Without including any pictures, retype exactly the lines from the top of the records through the line containing "ein Badezimmer mit", that final line included.

[Source data]
◆ ◆ ◆ ◆ ◆ ◆ ◆
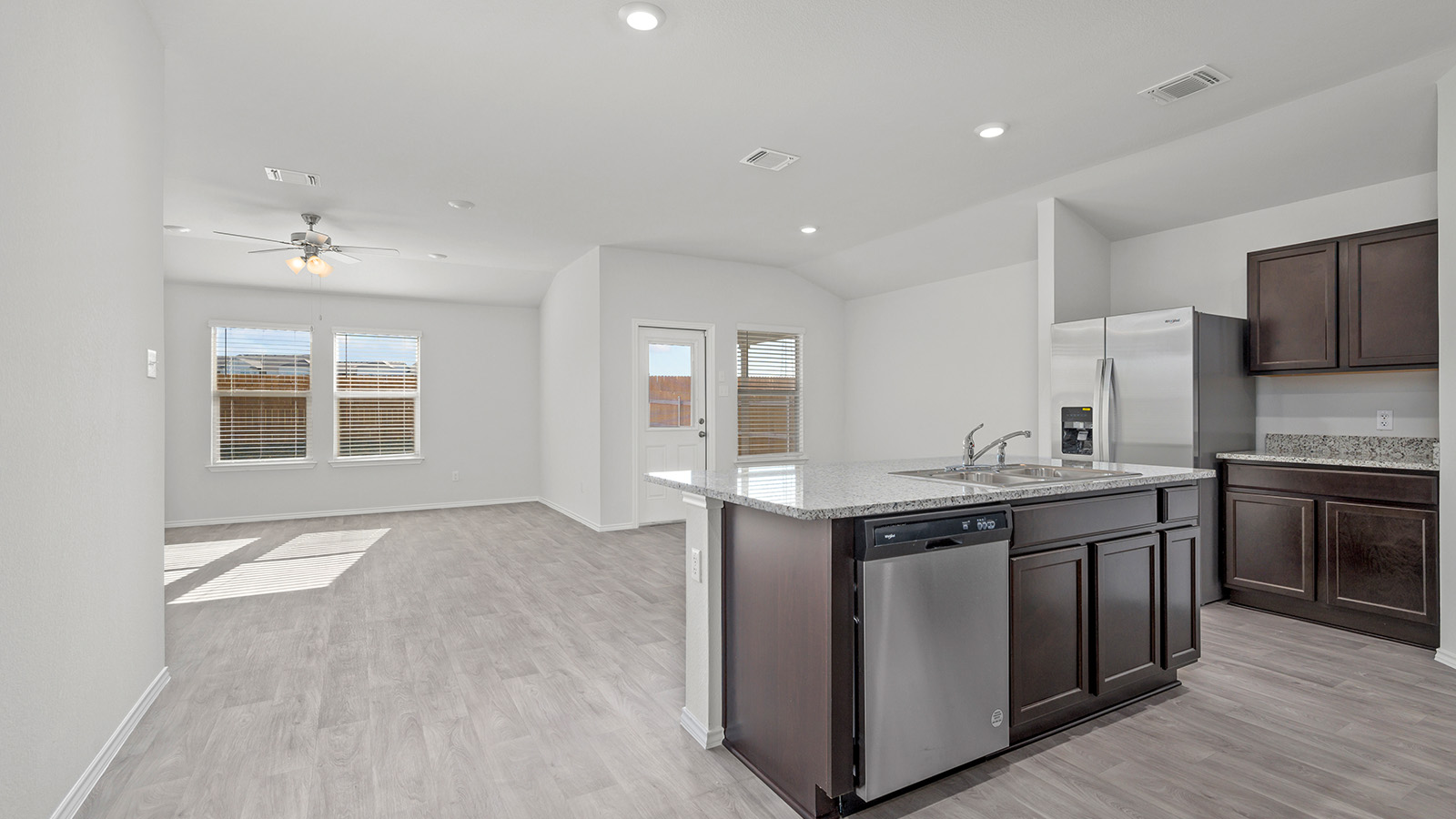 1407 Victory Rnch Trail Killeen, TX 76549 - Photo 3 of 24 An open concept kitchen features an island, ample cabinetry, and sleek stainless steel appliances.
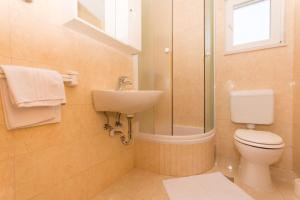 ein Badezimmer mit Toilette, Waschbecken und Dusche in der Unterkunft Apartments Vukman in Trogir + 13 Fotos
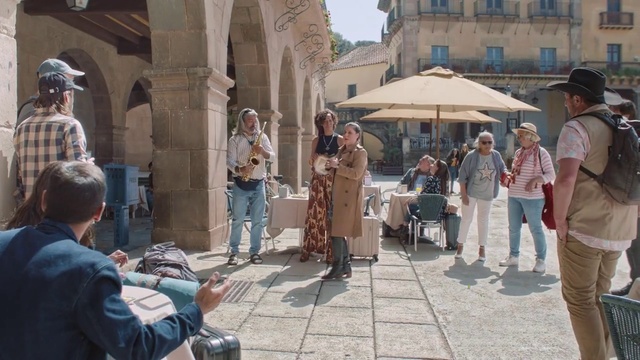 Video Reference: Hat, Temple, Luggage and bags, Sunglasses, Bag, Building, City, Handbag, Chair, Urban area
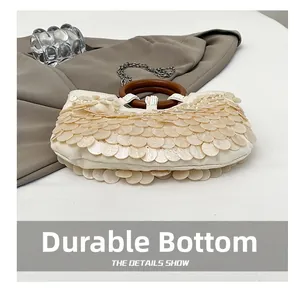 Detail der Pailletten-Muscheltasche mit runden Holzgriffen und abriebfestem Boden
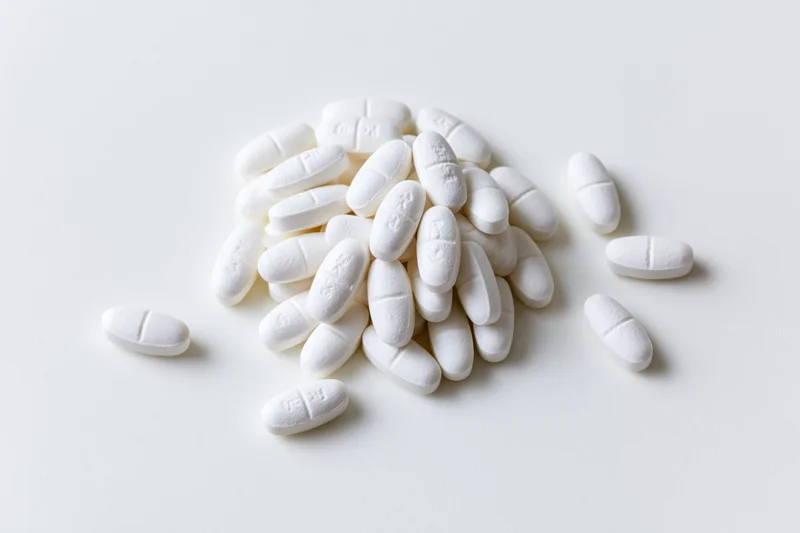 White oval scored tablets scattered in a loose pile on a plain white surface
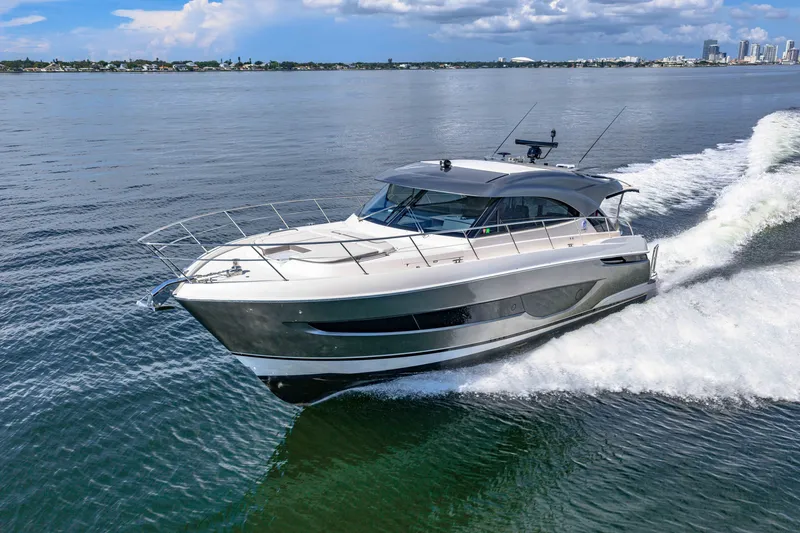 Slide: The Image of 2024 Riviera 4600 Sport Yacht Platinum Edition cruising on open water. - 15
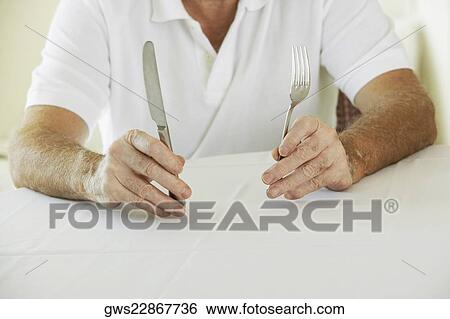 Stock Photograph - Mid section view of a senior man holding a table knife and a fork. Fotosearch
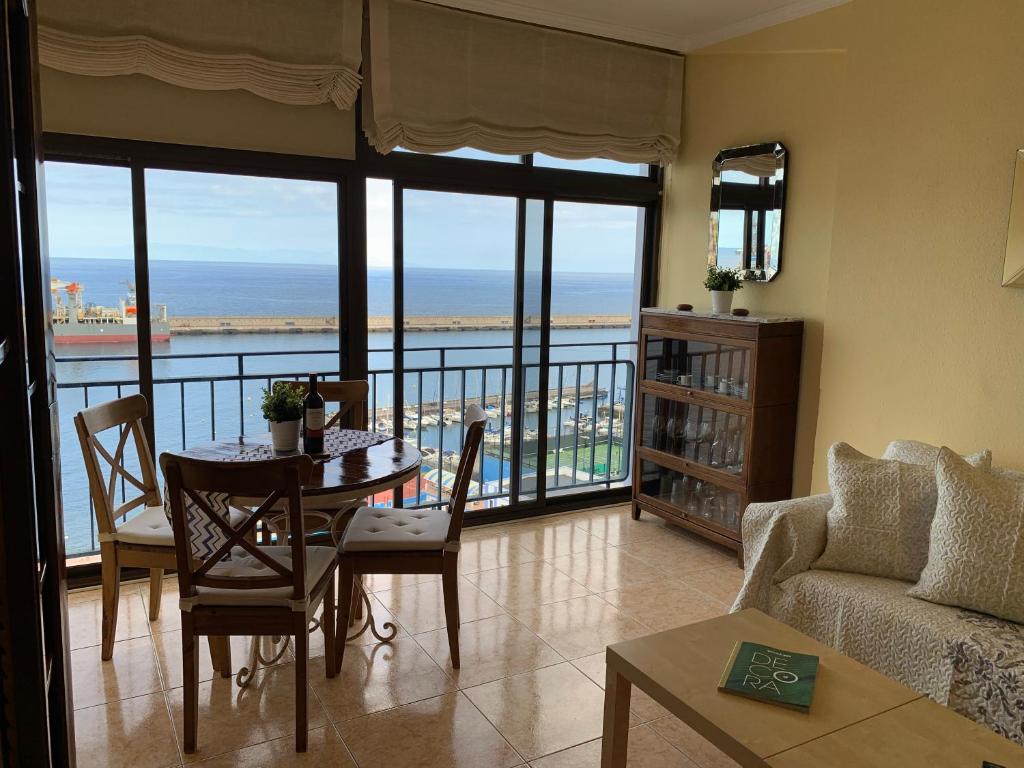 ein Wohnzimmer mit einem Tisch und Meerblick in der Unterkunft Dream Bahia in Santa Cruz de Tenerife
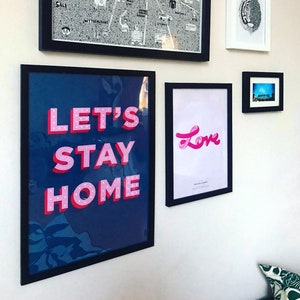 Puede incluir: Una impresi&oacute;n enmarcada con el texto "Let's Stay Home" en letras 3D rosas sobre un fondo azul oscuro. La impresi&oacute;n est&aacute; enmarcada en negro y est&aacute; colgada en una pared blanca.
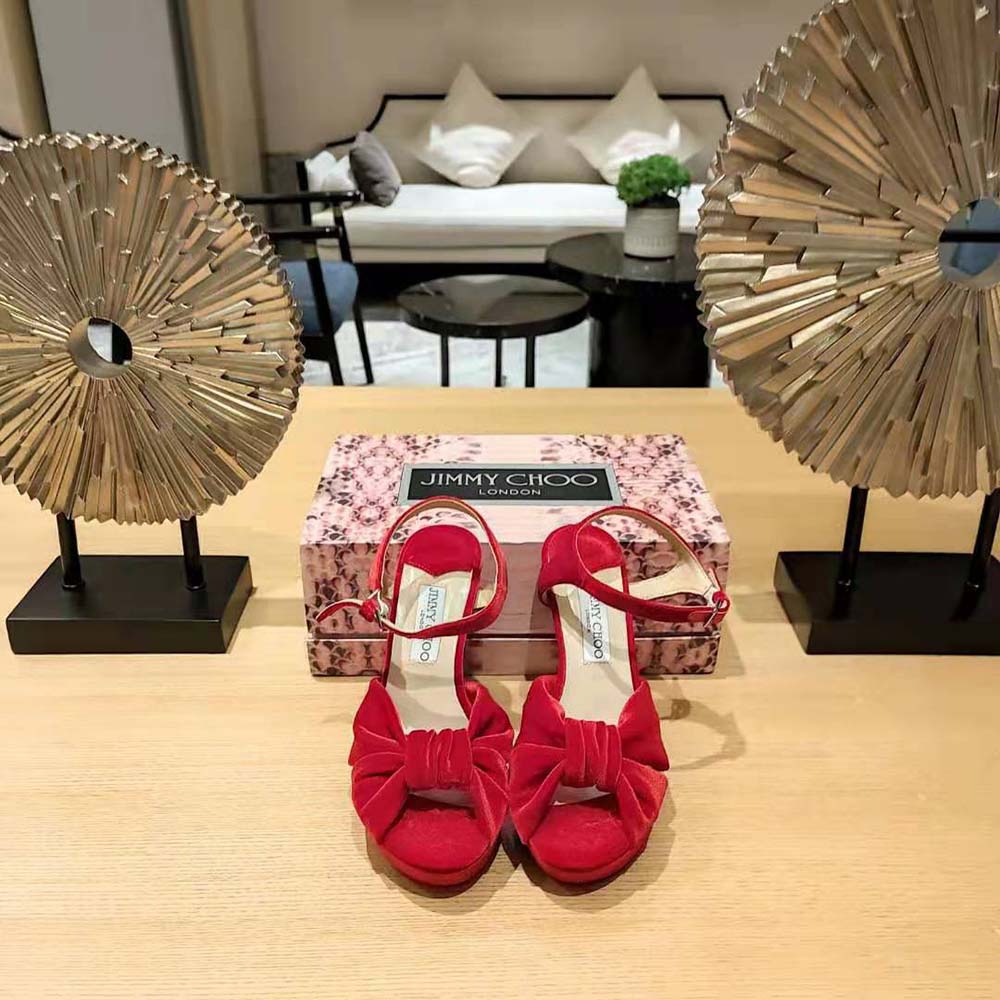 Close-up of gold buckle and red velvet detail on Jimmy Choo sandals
◆ ◆ ◆ ◆ ◆ ◆ ◆
**Answer section:**
 1407 Victory Rnch Trail Killeen, TX 76549 - Photo 3 of 24 An open concept kitchen features an island, ample cabinetry, and sleek stainless steel appliances.
 ein Badezimmer mit Toilette, Waschbecken und Dusche in der Unterkunft Apartments Vukman in Trogir + 13 Fotos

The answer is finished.